De modo que la neurosis, en la práctica, es una imposibilidad de desarrollarnos y cuyo resultado emocional es el sufrimiento.
Desde un punto de vista más psicológico, decimos que la persona posee una estructura, una manera de moverse en el mundo que es rígida, desadaptada desde el punto de vista de su organicidad. Cuando hablamos de estructura psíquica hablamos de algo que se ha ido formando con los años, como si fuera un nido, o como si nosotros mismos hubiésemos ido tejiendo nuestra propia ropa alrededor. El problema es que ese nido o esa ropa, puede impedirnos el desarrollo. Imaginemos alguien que llega a adulto usando la misma ropa que usaba de niño. Naturalmente le queda apretada, puede que no pueda moverse, que le estrangule o le atrofie alguna extremidad, etc. Una estructura psíquica puede ser tan neurótica como eso. Finalmente enfermamos. La persona no logra encontrarse con su propio equilibrio ecológico.
En el tratamiento a las neurosis, las distintas terapias hacen distintos énfasis. Algunos intentan simplemente aflojar la estructura haciendo que tomemos conciencia de ésta. Otros intentan dilucidar las causas en el pasado que la originaron; otros intentan que la persona descubra sus virtudes y potencialidades para así sentirse motivados a cambiar.
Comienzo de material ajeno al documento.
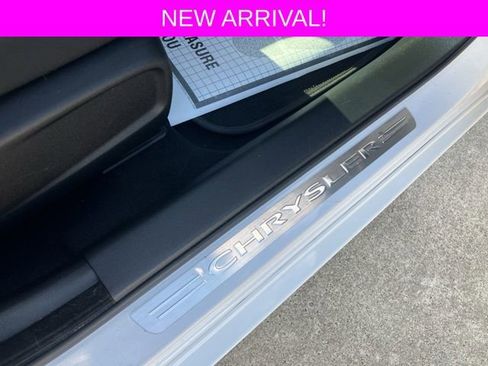 Used 2023 Chrysler 300 Touring image 12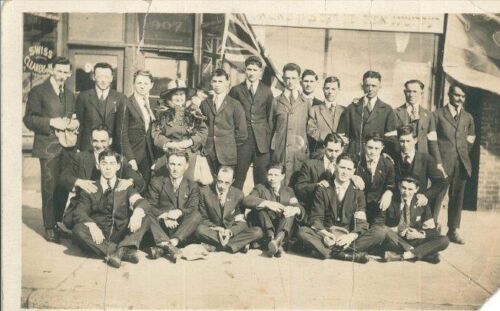 Recruits-for-Jewish-Brigade-in-front-of-Winnipeg-office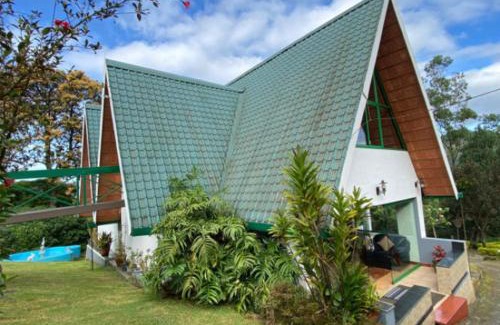 Kannan Devan Hills Resort | Camelot Resort Munnar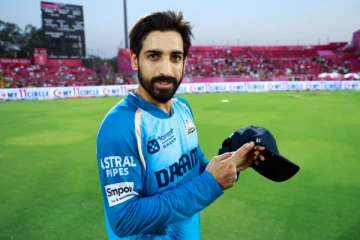 IPL 2025; அறிமுக போட்டியிலேயே மோசமான சாதனை படைத்த கரீம் ஜனத்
Lo común a todas ellas es que en todas finalmente se reconoce el hecho de que podemos influir sobre nuestra estructura. No estamos condenados de por vida a sufrir con una neurosis. De hecho cuando los psicólogos hablamos de “neurótico” no nos referimos a la persona en sí que hay detrás, sino a la condición, tal como se tratara de la ropa o el rol de la persona. Con eso sabemos que cada persona es siempre más que su neurosis, y la terapia es la aventura donde podemos descubrirlo.